→ **Task instructions**
Starting at the line that contains "Two hands are" and stopping at the line that contains "Now if you're", restate each line of the records below exactly. Omit the pictures.

→ **Data provided**
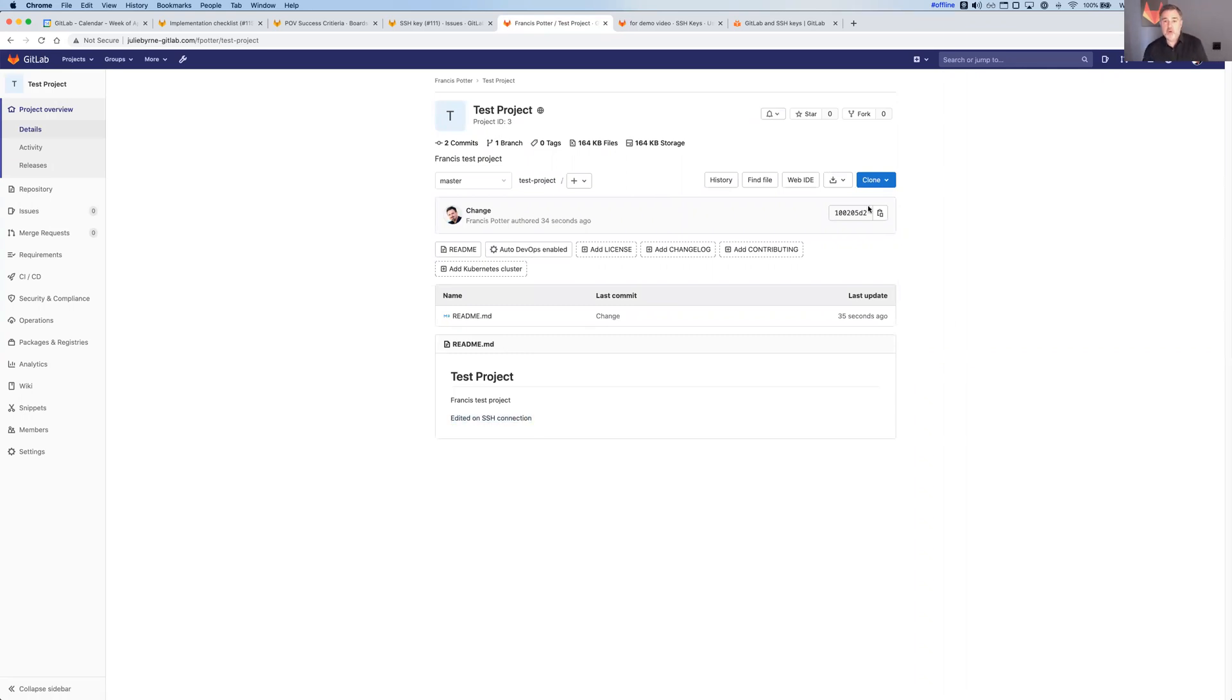So what have we seen? We've seen creating an SSH key, enabling that SSH key for that user record. We've seen cloning a project using that SSH key, making a change and pushing the project using that SSH key, all using SSH. Thanks so much for your attention. I hope this was helpful.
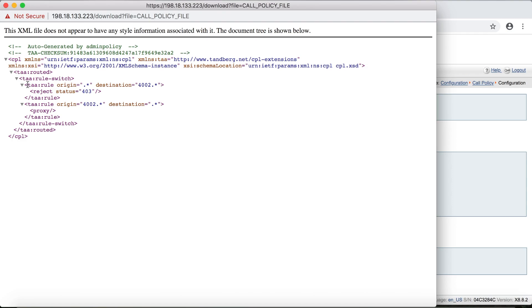And notice that it has anything to 4002. It's going to give a reject 4003 message. But if I call 4002 to anything else, it proxies it, the call sent on and everything goes through.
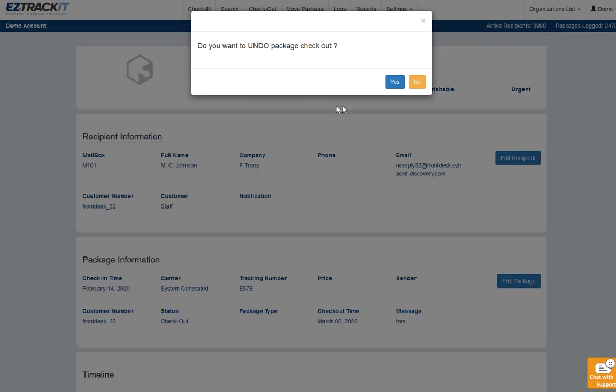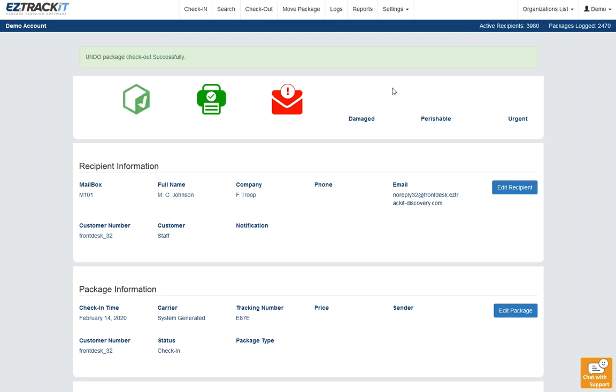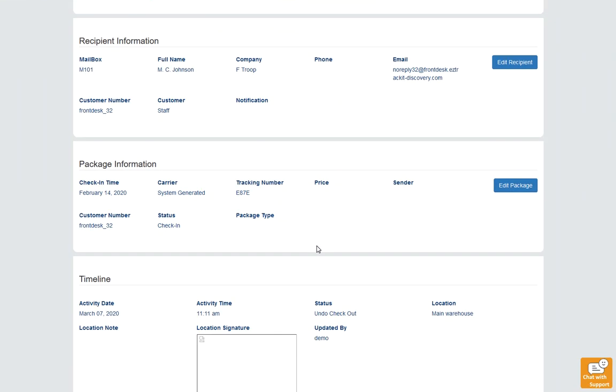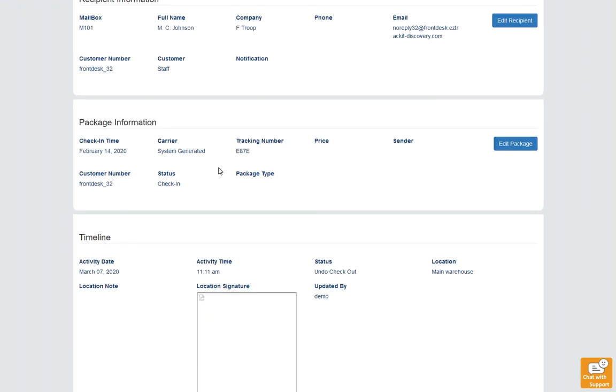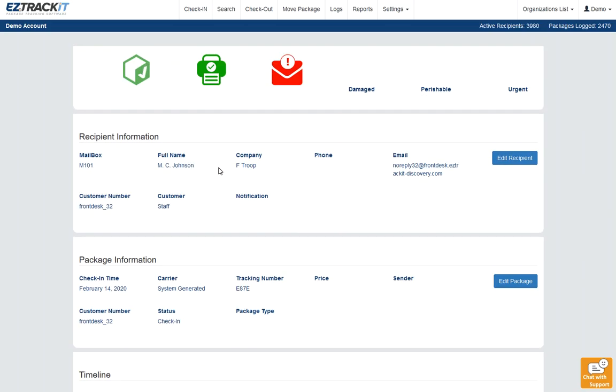If you say yes, boom—now it can be checked out again. Status is done. It does record that your username checked that out, or rather unchecked that out, but other than that you're good to go. It's like you never checked it out. You're ready to go.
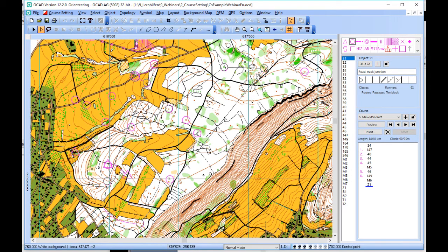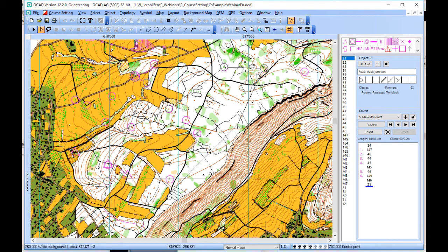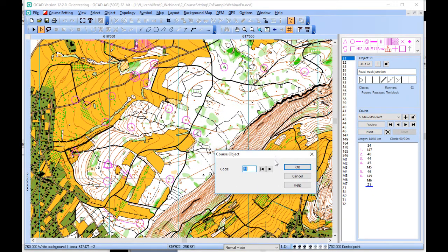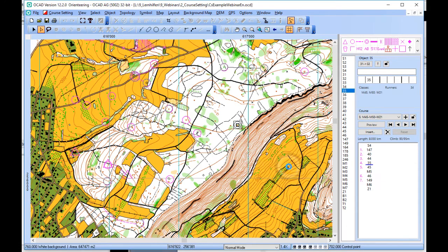Then we can drag the connection line to an object and a new control is added there. Control 35 in that case is added directly to the course.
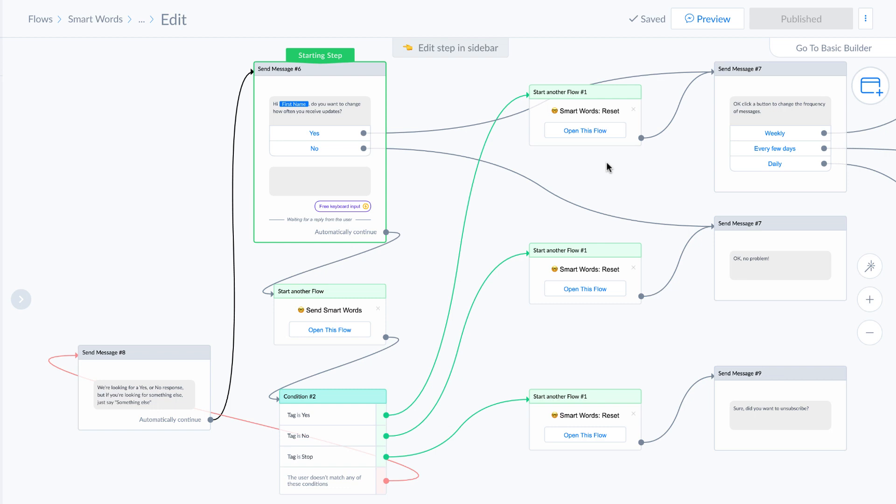Okay, so we are looking at a flow for smart words, and smart words is an alternative to users clicking buttons.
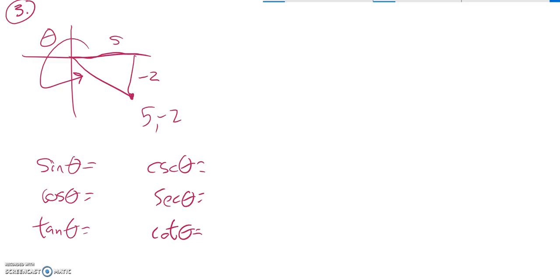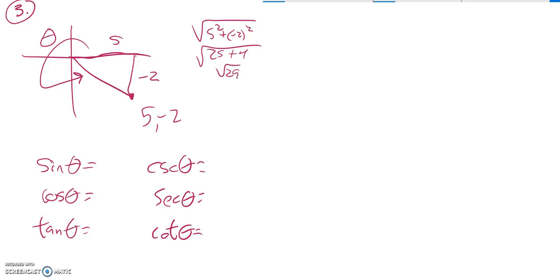But I'm going to finish up. To find this radius, I'm using Pythagorean Theorem. So 5 squared plus negative 2 squared, that's 25 plus 4, square root of 29. So I know that that radius is square root of 29.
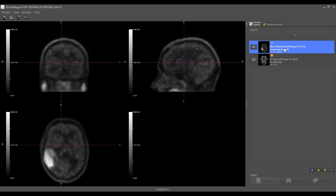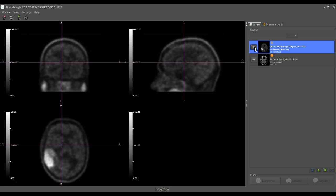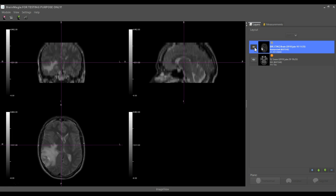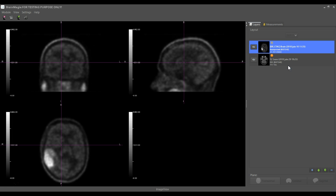You see that the PET scan is added here to the Layer Manager — you can switch it on and off — but you see that it's not registered. So let's right-click, select Register, and it will register the PET scan on the MRI.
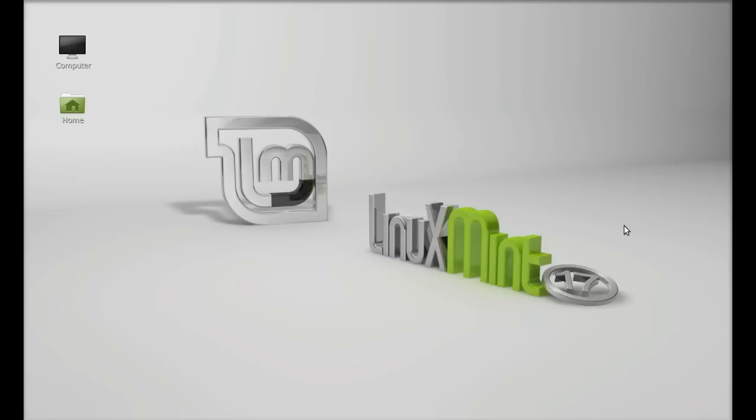Hello friends, welcome to my new video. Today I will be installing the latest TeamViewer in Linux Mint 17. TeamViewer is a software package for remote control, desktop sharing, web conferencing, collaboration, and file sharing between computers.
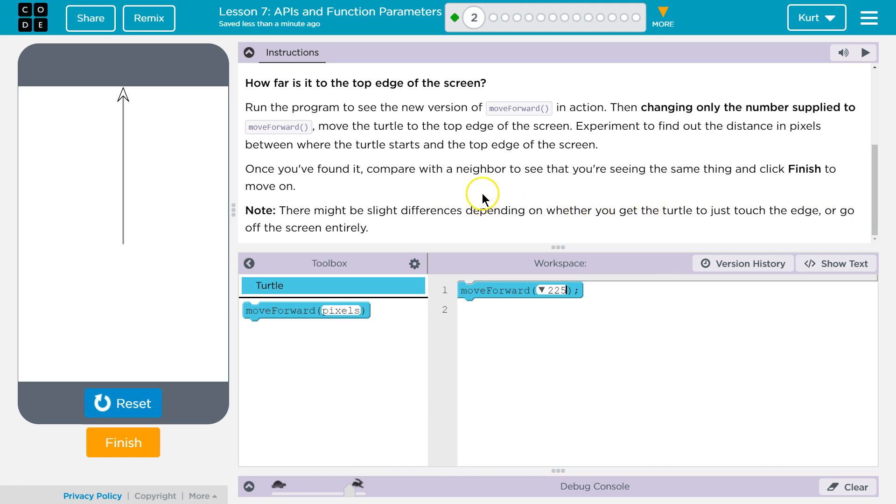Okay. Well, awesome. Yeah, that's really cool. So we're going to start using these parameters and arguments and things like that, and it's really going to help us make more complicated and interesting programs. Let's keep going.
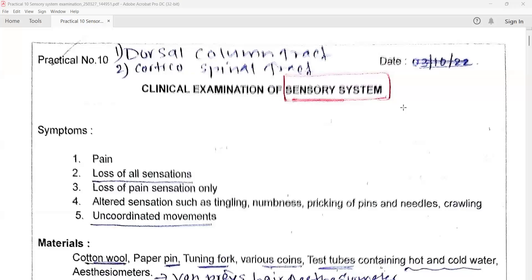Welcome, my dear friends. Myself, Prof. Dr. Rajendra Deshpande would like to welcome you all in my Ayurveda Academy YouTube channel. My dear friends, today we are going to see the human physiology practical topic: clinical examination of sensory system.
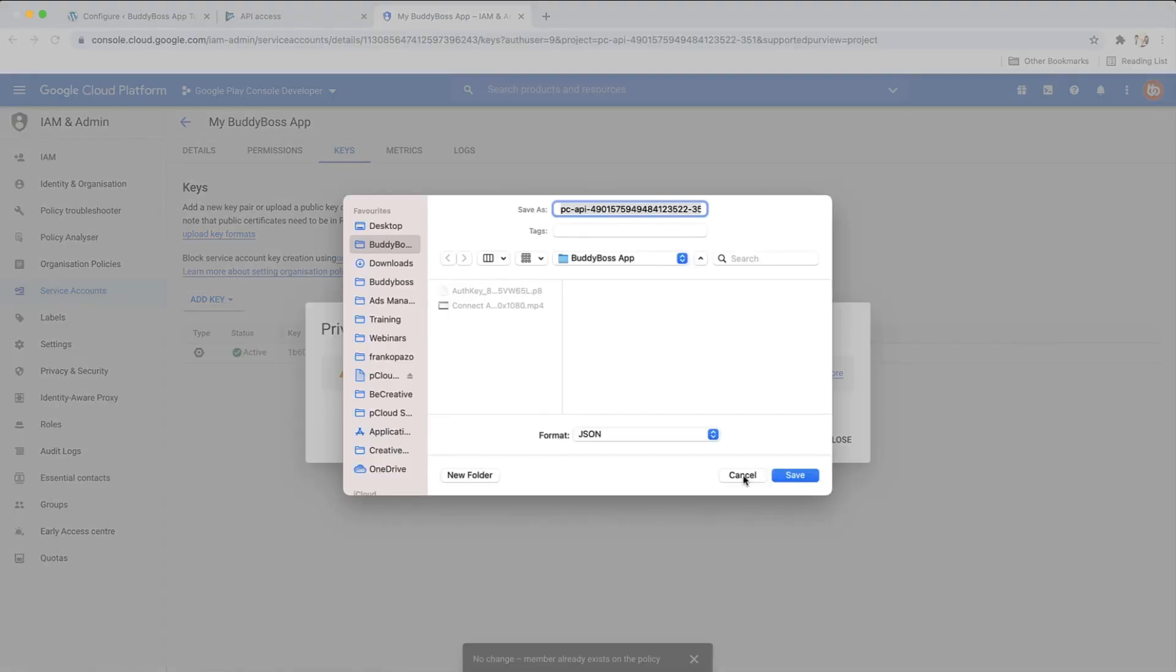This will trigger a download file. You won't be able to download this key again, so keep it somewhere safe until you've entered it into the BuddyBoss app settings. If you lose your key in the future, you can always come back to this page to generate a new one.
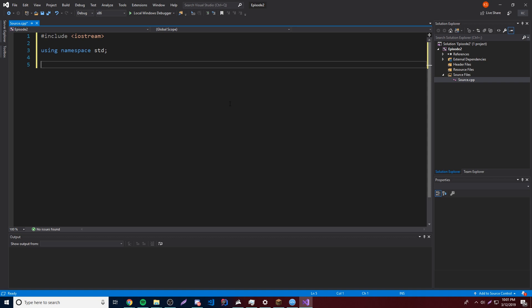Now after that we're going to have some real code. We're going to create our main function, and the main function is very important because every single program you make in C++ has to have at least one main function somewhere. The compiler — which is the thing that runs your program — is going to look through your folder and find the main function no matter where it is, and that's where it runs the program. So the only thing you need to remember is that you need one main function in every program.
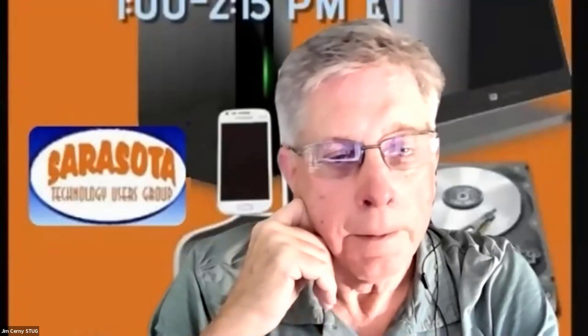Two hands are up — Caitlin and Dorothy — for comments related to this topic. Caitlin is called on first.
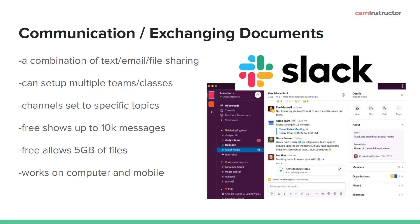Once you've done your meetings and stuff, you still need to keep in touch, and most will probably just say let's use email. I would suggest something like Slack.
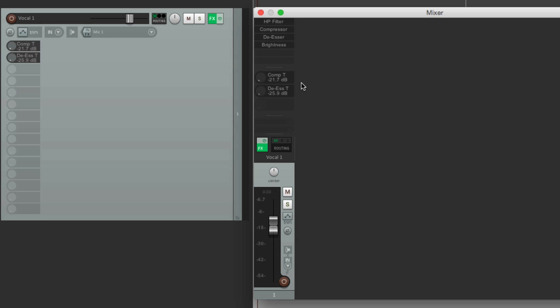So it's a lot easier to see what each plugin or parameter is doing by renaming them. That's pretty much it — that's renaming plugins and instances in Reaper. I hope you learned something, I hope you can use it, and I'll see you next time. Thanks.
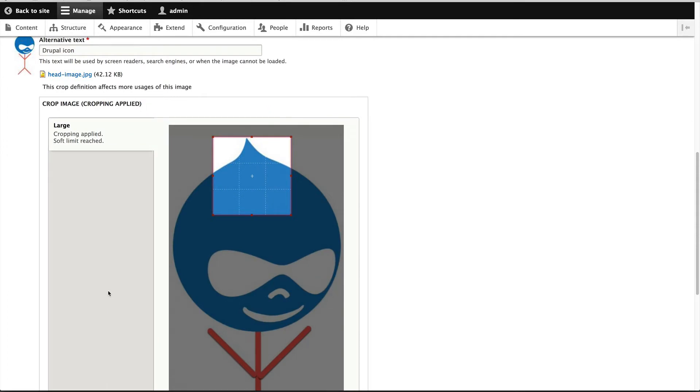but I've worked on sites where you have five crops, and having to manually crop an image every single time you upload something can be tedious. So the next module I want to show you is focal points.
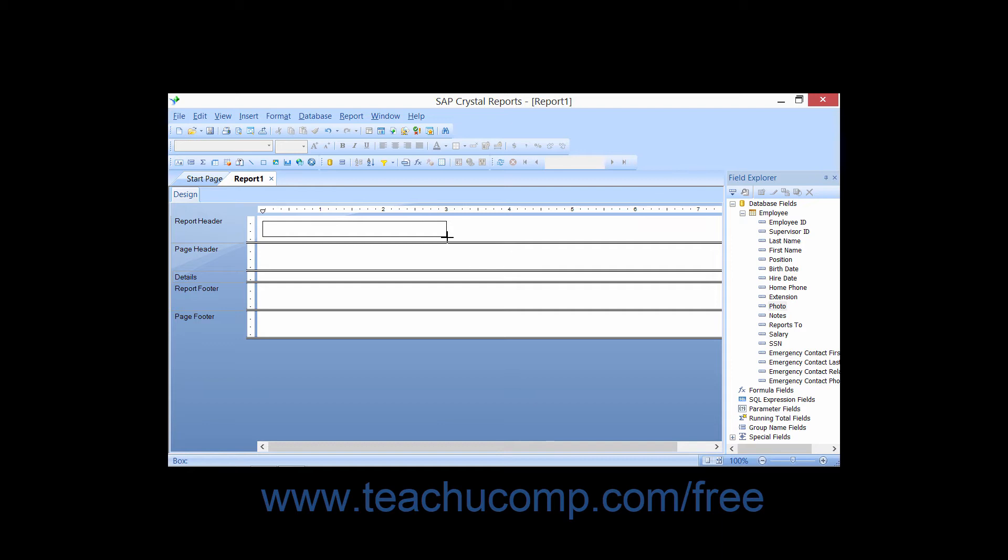When you release your mouse button, you will then immediately type the text that you want to have appear within the text object into the text box.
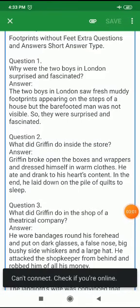Good morning students. Welcome you all in the revision class, class 10. Today first we will discuss the short questions of Footprints Without Feet.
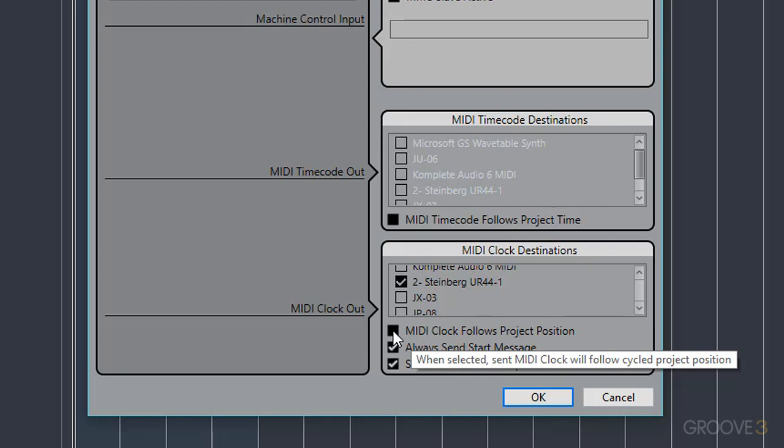Now if you're dealing with something like a 16-step sequencer, it's not really that important. It's more to do with if you're syncing an entire song arrangement on an external device to your DAW project. And I actually tend to find that you get weird results with this enabled, especially when you're working in a cycle or a loop.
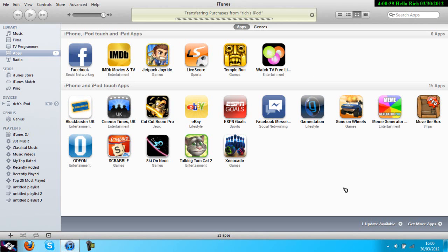Once you do that, it'll transfer all your iPod stuff onto iTunes, so it'll be stored like this.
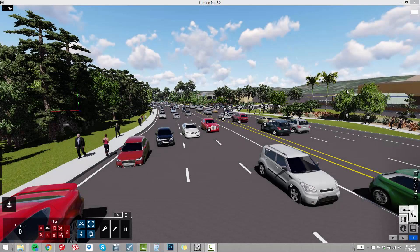Let's take a look at how Lumion 6 has expanded and improved on Entourage. Here you see a pretty crowded scene full of cars, people, and trees. Each new release of Lumion comes with several new trees, plants, people, cars, objects, and sounds. In Lumion 6 it is really a quality release.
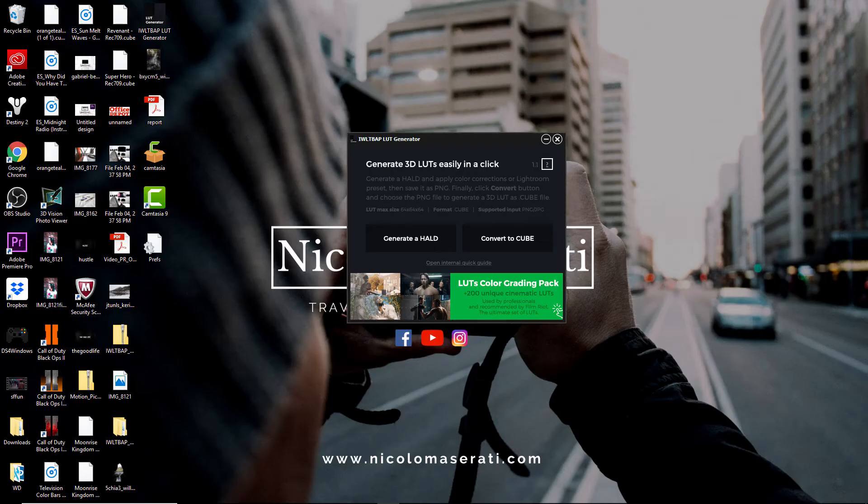All right, guys. So like I said, today we're going to learn how to create your own custom LUT in Lightroom CC — super easy, you don't have to spend any money. This is going to be the program that you need to download. I'm going to leave the link in the description so you can download it. It's completely free and super easy to do.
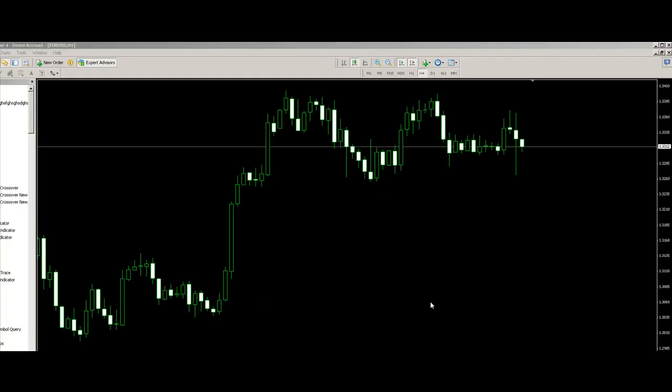Hi traders, welcome to this demonstration of the Platinum Automated Trendline Trading Tool.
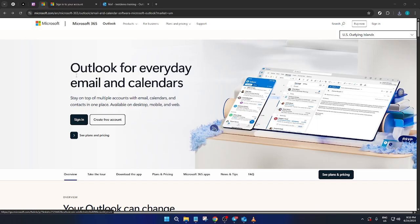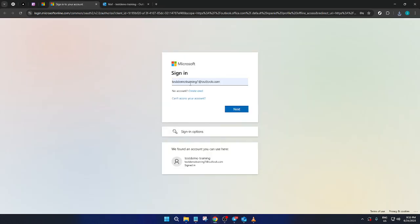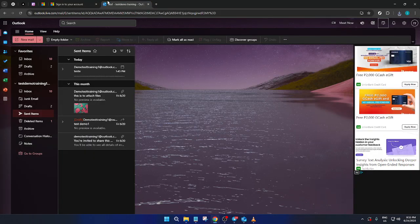First, head over to the Microsoft Outlook webpage. If you're not logged in yet, you'll need to sign in with your Microsoft account. To do this, click on the sign in button prominently displayed on the page. This will take you to the login page where you'll need to enter your email and password. Once you've filled in your login details, hit that next button to proceed. And just like that, you should find yourself on the Outlook dashboard.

→ **Answer box**
Two hands are up — Caitlin and Dorothy — for comments related to this topic. Caitlin is called on first.
Once you've done your meetings and stuff, you still need to keep in touch, and most will probably just say let's use email. I would suggest something like Slack.
So it's a lot easier to see what each plugin or parameter is doing by renaming them. That's pretty much it — that's renaming plugins and instances in Reaper. I hope you learned something, I hope you can use it, and I'll see you next time. Thanks.
but I've worked on sites where you have five crops, and having to manually crop an image every single time you upload something can be tedious. So the next module I want to show you is focal points.
When you release your mouse button, you will then immediately type the text that you want to have appear within the text object into the text box.
Good morning students. Welcome you all in the revision class, class 10. Today first we will discuss the short questions of Footprints Without Feet.
Now if you're dealing with something like a 16-step sequencer, it's not really that important. It's more to do with if you're syncing an entire song arrangement on an external device to your DAW project. And I actually tend to find that you get weird results with this enabled, especially when you're working in a cycle or a loop.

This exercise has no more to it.